In the turnaround, she circled back to the house, then pulled onto the asphalt pad and switched off the ignition, got out and zipped her keys into the waist pouch. Mumbling to himself, Lawton extricated himself from his seat belt and began to hammer on his window until Alexandra came around and unlocked the door and helped him out.
“Ohio’s the ticket,” he said. “It’s too damn hot here. I mean, for Christ sakes, it’s October already, time for autumn.”
Alexandra drifted up the walkway to Jennifer McDougal’s front door. This morning, she’d dressed her father in a light blue jumpsuit and tennis shoes. She’d chosen navy walking shorts and a beige knit top, along with a pair of white Nike running shoes and a woven leather belt. No jewelry, except the wedding ring.
The deep wraparound porch was cluttered with an assortment of secondhand furniture, old couches, a wooden swing, a rattan throne chair. Upside-down milk crates were wedged between the seats, used as side tables, and littering them were empty beer bottles and magazines and a couple of plastic toys, an orange dump truck, and a red-haired rag doll with a moon face and freckles.

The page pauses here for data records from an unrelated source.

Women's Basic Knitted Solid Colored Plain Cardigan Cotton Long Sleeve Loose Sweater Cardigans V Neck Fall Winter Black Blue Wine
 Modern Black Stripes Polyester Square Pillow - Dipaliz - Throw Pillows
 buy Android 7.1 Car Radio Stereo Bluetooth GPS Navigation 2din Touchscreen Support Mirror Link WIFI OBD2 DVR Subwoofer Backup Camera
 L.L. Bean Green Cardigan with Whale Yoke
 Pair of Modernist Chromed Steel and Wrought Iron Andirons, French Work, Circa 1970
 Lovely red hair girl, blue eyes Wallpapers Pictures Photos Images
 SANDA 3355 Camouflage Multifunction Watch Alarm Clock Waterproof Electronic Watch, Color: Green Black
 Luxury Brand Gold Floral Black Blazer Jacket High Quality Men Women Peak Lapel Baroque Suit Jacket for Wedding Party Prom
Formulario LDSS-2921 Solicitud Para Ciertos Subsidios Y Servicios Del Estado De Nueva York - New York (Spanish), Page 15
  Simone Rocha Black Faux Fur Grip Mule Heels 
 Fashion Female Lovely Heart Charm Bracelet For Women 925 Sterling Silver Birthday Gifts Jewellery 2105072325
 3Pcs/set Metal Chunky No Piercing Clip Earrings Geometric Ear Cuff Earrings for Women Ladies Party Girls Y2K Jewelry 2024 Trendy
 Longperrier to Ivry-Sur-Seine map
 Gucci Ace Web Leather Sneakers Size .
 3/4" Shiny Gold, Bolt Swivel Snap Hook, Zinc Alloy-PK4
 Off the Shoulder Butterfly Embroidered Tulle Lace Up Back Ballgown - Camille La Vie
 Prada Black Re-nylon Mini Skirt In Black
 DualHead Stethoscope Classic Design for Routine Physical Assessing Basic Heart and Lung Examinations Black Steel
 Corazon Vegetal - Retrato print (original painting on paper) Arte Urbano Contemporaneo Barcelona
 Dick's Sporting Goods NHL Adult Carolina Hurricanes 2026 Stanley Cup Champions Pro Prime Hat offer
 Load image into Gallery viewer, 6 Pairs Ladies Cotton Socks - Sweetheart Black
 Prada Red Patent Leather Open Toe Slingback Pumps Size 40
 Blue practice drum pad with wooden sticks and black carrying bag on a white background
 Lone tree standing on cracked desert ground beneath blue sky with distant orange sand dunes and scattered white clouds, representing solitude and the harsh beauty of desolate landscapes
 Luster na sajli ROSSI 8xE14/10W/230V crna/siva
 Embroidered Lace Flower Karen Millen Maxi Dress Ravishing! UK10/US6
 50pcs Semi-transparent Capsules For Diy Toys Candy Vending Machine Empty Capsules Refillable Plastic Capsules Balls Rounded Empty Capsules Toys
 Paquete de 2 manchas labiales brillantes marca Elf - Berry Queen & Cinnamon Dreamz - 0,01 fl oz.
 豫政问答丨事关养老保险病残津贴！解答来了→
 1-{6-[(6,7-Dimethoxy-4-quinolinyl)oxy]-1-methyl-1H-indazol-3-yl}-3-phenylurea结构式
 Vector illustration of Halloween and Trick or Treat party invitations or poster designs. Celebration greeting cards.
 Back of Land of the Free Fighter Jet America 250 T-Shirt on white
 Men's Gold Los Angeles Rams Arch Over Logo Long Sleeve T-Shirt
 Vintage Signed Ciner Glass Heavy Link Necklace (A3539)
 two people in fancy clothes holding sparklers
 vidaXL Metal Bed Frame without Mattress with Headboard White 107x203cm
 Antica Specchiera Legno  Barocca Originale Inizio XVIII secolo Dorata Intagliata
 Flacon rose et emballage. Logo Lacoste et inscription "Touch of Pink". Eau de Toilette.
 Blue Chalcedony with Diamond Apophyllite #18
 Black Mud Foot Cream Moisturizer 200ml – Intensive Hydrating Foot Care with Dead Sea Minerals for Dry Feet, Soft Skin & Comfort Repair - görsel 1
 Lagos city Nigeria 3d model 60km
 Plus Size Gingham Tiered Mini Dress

Alexandra drew open the screen door and stood for a moment staring out at the street, a light wind stirring the fronds around the telephone poles. Not much air today, humidity crowding in again. Lawton picked up the rag doll and studied its face, saying nothing, lost in his soundless trance.
Alex turned back to the pitted pine of the door, as torn up as an old dartboard. As if perhaps a long string of outraged wives had stood on this porch and tried to claw their way inside.
She knocked three times on the door and the sound seemed to wake her from the electric drone of her anger. She was standing on a stranger’s porch with the scantiest evidence of her husband’s infidelity. She had no phrase on her lips, no image of how she would proceed.
She straightened her shoulders, lifted her fist, and rapped hard on the door again, but something about the hollow echo of her knocks made her certain the house was deserted.
Willing herself back into motion, she closed the screen door, went down the steps, and marched around the west side of the house, peeking in the windows, trying to read the personality of the place from its decor, the furniture, some stray piece of art. Maybe catch a glimpse of some article of Stan’s.
Staring through the window, the image framed itself like a photograph. The rectangular tableau, silent and dead. She held herself very still, snapped it in her mind, freezing that moment that lay before her, distancing herself from it. No corpse this time. Just Jennifer McDougal’s furniture, the kind of mindless foam-filled stuff that was bought and delivered on the same day. Drab green couch, matching chairs, a coffee table swarming with saucers and tipped-over beer bottles. A bullfighting poster hung above the fireplace and below it on the mantel was a collection of wine bottles with wax drippings running down the throats. Near the window, a mobile of clear plastic dolphins stirred in the breeze of an overhead fan. A black cat was coiled tightly on top of the television.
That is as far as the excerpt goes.